Qui dit jeudi dit interview de la semaine ! Aujourd’hui, c’est Olivier Martineau, Président de Spread, dont la mission est d’aider les marques à créer de l’engagement client, qui a accepté de répondre à toutes nos questions concernant le rapport des jeunes aux marques. Le switch est à l’honneur, par ici !

Le mois dernier, la rédaction d’Air of melty se rendait au salon du e-commerce, pour écouter plein d’experts aborder différentes thématiques autour du marketing digital et pour en faire un compte-rendu complet. L’occasion, par exemple, d’apprendre que « L’email marketing est loin d’être mort, contrairement à l’emailing de masse ». L’occasion aussi, durant cette journée, d’assister à l’intervention d’Olivier Martineau, de Spread, abordant le sujet de l’omnicanal. Aujourd’hui, il répond à nos questions sur le rapport des jeunes aux marques.

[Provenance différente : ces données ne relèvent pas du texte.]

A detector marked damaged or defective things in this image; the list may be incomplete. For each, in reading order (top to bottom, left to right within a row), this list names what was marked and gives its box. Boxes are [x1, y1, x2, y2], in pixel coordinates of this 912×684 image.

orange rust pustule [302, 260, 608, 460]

-Air of melty : Pouvez-vous présenter Spread et sa mission ?

Olivier Martineau, Président de Spread : Spread est né de l’idée que les clients passent de plus en plus de temps sur les réseaux sociaux, et que quand on est une marque, il est difficile d’entretenir de la relation et de la conversion avec eux. La mission de Spread, c’est d’aider les marques à créer de l’engagement client. Créer de l’engagement, c’est développer la fidélité envers la marque mais aussi mettre en œuvre un contexte favorable à la recommandation. Le tout basé sur une vraie démarche de connaissance.

-L’idée reçue veut que les jeunes sont ultra connectés en permanence. Cela impacte-t-il réellement leur parcours d’achat aujourd’hui ? Dans quelle mesure ?

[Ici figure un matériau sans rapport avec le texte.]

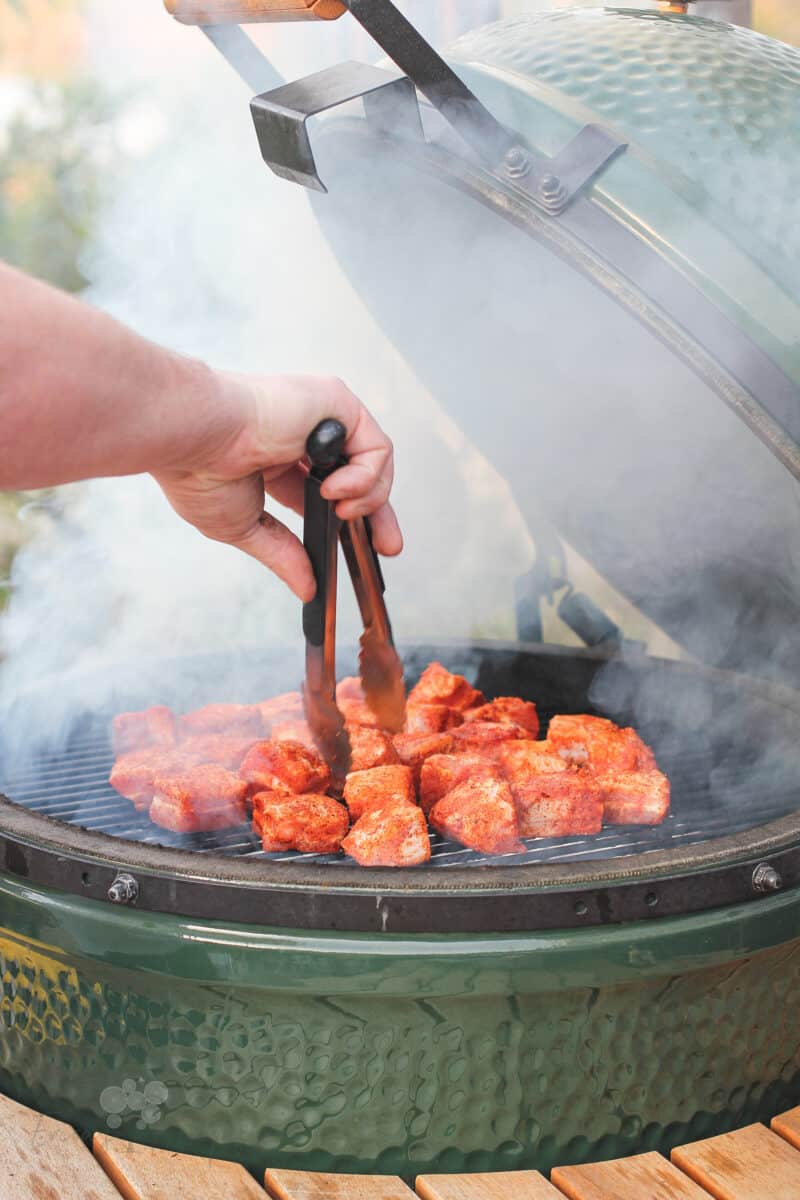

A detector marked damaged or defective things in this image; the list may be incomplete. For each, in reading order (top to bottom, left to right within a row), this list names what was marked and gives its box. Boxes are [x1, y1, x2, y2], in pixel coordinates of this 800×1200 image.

charred grate surface [3, 705, 796, 868]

O.M : Aujourd’hui, la notion de “online” et de “offline” n’existe plus. A cause du mobile, on a une continuité de la connexion. Cette continuité fait que le parcours d’achat est forcément modifié. Évidemment les jeunes sont ultra-connectés, mais ils sont plus connectés entre eux, et pas forcément plus connectés avec la marque. C’est une des difficultés. Avec tous les messengers, les snapchats. Tout ça ce n’est que du messenging. La particularité des jeunes, c’est qu’ils switchent plus vite. Ils passent plus vite d’une chose à une autre par rapport aux générations plus anciennes, qui “gardaient” leurs habitudes plus longtemps. Les jeunes ont une véritable adaptation au changement. Ils sont passés de MSN pour certains à Facebook, à WhatsApp, à Twitter et d’autres encore… Le changement est très rapide.

-On parle de beaucoup de différentes notions aujourd’hui : multicanal, omnicanal, no canal… Quel terme privilégiez-vous et pourquoi ?

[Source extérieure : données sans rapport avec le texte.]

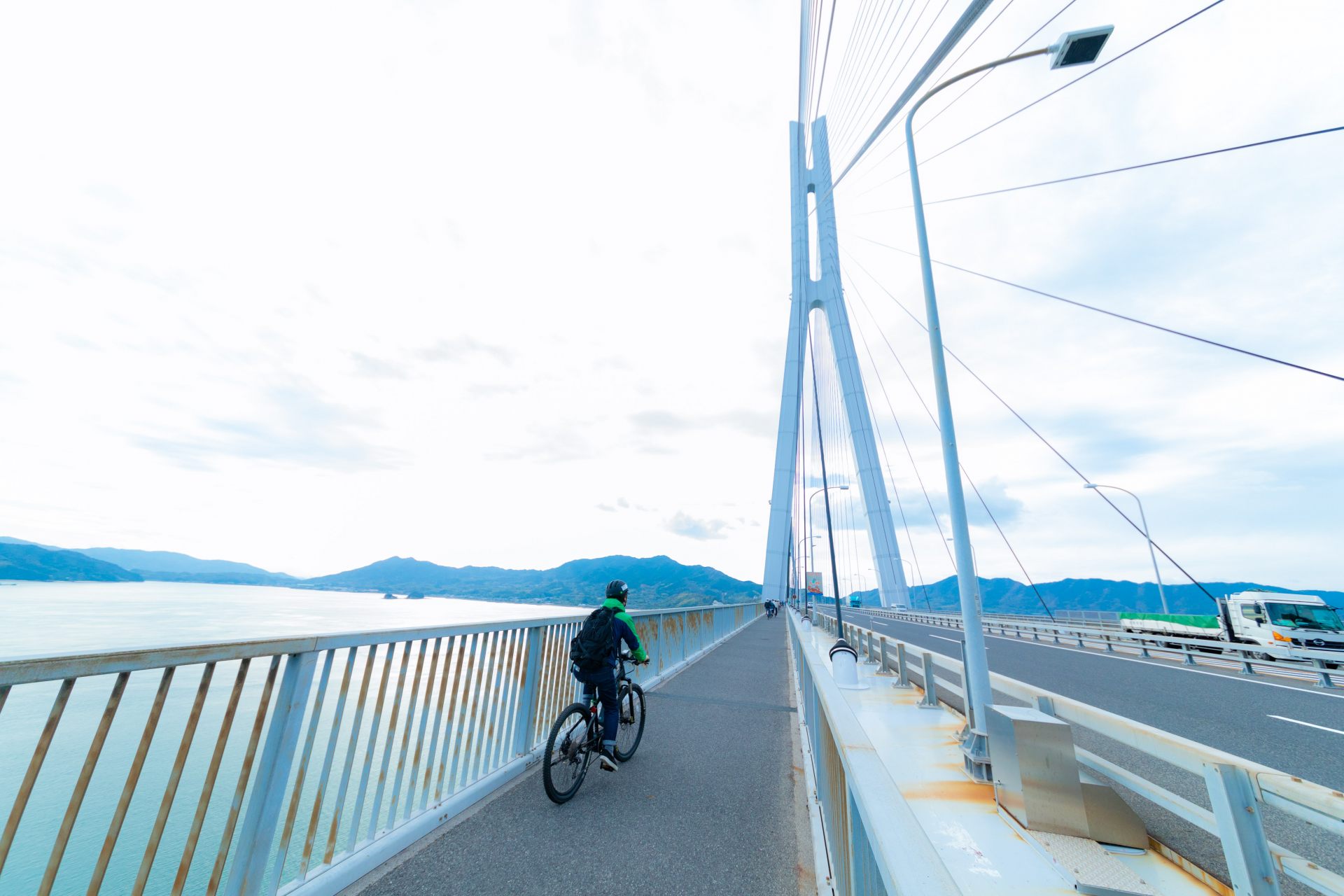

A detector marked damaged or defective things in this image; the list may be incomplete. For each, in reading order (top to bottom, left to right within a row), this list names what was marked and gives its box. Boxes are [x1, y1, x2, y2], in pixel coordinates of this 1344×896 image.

O.M : Dans toute la problématique de gestion de canaux il y a deux choses. Il y a d’abord les canaux de distribution. Les canaux de distribution existent et sont forcément construits de façon différente. Quand on fait de la vente sur un site de e-commerce, ce n’est pas la même chose que dans un magasin. Il y a une expérience qui est différente et une organisation qui est différente pour l’entreprise, donc forcément une communication qui va être adaptée. Maintenant, si on parle de multicanal, ominicanal, no canal… Alors no canal, ça veut dire que l’on traite tout de la même façon, c’est complètement idiot, et surtout ce n’est pas possible. Multicanal, signifie que l’on crée des cloisons, des silos avec les différents canaux. Chaque canal ignorant celui d’à côté. C’est ce que l’on a fait en 2000 : malheureusement on imaginait que les clients n’étaient pas les mêmes d’un canal à l’autre. Mais en fait, ce sont les mêmes. Alors moi, je me rapproche plus de l’omnicanal. On se dit voilà, on part entre guillemets dans tous les sens et on gère pour que ce soit fait de façon “fluide”. Mais la vérité est plus sur la continuité et le switch rapide entre l’ensemble des canaux. Et c’est ça qui fait que l’on va arriver à reconnecter les jeunes de façon permanente avec la marque.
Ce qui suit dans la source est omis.